Model Checking Synchronized Products of Infinite Transition Systems

TL;DR

This paper investigates the decidability of first-order logic with reachability predicates for infinite transition systems modeled as products with various synchronization constraints, introducing finitely synchronized systems.

Contribution

It introduces finitely synchronized transition systems and shows their FO(R) theory's decidability reduces to that of their components, highlighting the limits of synchronization and logic extension.

Findings

Decidability of FO(R) for finitely synchronized systems reduces to component decidability.

Semifinite synchronization leads to undecidability of FO(R).

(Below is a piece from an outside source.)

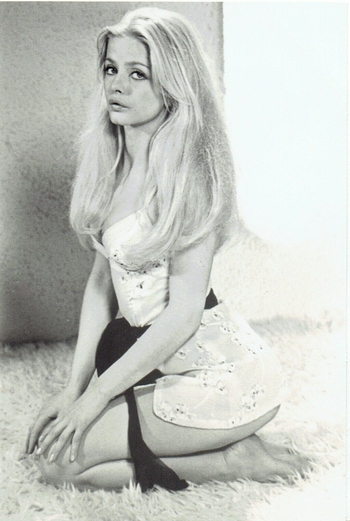 Ewa Aulin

Extending logic with transitive closure causes undecidability in infinite grid models.

Abstract

Formal verification using the model checking paradigm has to deal with two aspects: The system models are structured, often as products of components, and the specification logic has to be expressive enough to allow the formalization of reachability properties. The present paper is a study on what can be achieved for infinite transition systems under these premises. As models we consider products of infinite transition systems with different synchronization constraints. We introduce finitely synchronized transition systems, i.e. product systems which contain only finitely many (parameterized) synchronized transitions, and show that the decidability of FO(R), first-order logic extended by reachability predicates, of the product system can be reduced to the decidability of FO(R) of the components. This result is optimal in the following sense: (1) If we allow semifinite synchronization, i.e. just in one component infinitely many transitions are synchronized, the FO(R)-theory of the product system is in general undecidable. (2) We cannot extend the expressive power of the logic under consideration. Already a weak extension of first-order logic with transitive closure, where we restrict the transitive closure operators to arity one and nesting depth two, is undecidable for an asynchronous (and hence finitely synchronized) product, namely for the infinite grid.